* [Task objective] Report every line of the records that contains the word "design".

[Items listed in a dataset]
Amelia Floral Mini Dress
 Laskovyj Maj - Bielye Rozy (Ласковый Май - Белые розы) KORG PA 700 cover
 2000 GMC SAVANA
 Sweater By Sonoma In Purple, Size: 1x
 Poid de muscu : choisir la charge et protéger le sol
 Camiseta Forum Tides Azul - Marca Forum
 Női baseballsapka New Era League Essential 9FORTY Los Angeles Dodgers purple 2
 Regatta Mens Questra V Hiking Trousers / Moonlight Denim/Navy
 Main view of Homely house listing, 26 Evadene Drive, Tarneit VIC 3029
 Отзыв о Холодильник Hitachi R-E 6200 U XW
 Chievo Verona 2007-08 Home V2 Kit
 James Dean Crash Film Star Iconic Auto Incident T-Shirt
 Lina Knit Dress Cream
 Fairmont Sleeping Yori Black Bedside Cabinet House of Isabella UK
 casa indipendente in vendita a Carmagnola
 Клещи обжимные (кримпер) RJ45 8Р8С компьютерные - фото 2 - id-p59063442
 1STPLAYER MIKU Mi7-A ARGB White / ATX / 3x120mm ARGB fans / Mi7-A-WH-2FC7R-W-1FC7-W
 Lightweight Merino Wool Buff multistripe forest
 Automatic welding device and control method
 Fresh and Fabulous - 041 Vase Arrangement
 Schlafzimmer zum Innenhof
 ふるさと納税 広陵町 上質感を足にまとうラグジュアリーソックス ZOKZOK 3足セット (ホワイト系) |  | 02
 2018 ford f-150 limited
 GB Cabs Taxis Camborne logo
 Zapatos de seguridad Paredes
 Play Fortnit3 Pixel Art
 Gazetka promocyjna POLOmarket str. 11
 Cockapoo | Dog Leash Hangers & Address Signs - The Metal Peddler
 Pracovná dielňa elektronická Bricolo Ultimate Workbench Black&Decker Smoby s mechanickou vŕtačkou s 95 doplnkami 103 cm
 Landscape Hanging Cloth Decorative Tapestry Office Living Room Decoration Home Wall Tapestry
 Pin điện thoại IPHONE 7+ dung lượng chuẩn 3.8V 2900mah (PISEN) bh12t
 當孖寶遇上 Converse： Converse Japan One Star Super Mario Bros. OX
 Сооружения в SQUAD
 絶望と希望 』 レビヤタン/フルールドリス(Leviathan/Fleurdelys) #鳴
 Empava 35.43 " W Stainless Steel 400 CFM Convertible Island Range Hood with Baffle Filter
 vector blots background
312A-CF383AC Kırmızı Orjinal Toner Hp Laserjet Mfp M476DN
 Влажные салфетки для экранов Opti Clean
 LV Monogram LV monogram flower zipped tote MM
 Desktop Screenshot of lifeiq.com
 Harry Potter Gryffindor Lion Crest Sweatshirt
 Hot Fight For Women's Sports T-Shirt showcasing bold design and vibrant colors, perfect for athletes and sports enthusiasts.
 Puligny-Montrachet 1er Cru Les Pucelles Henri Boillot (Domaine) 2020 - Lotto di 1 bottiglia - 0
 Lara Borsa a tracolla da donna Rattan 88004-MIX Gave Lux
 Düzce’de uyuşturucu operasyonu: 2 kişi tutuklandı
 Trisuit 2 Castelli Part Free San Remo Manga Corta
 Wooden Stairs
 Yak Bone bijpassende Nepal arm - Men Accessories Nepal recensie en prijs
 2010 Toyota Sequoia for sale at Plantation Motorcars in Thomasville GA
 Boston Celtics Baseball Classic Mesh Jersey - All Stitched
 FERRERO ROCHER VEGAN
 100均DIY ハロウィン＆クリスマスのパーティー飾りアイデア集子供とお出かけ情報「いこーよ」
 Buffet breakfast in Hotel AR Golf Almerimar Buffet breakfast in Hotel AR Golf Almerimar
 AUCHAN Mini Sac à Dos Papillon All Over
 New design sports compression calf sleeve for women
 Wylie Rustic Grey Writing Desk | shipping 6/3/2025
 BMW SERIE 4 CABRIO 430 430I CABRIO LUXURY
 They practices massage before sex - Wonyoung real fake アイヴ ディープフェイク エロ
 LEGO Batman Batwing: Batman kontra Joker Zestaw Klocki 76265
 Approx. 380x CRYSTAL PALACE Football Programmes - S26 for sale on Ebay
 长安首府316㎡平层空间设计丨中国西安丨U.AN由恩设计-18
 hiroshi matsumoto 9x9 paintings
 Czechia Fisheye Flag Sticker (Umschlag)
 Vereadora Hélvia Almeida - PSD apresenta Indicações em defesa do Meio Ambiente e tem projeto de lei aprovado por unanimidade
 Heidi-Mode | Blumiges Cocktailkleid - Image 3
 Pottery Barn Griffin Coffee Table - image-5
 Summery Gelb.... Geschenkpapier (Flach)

* [The answer]
 Hot Fight For Women's Sports T-Shirt showcasing bold design and vibrant colors, perfect for athletes and sports enthusiasts.
 New design sports compression calf sleeve for women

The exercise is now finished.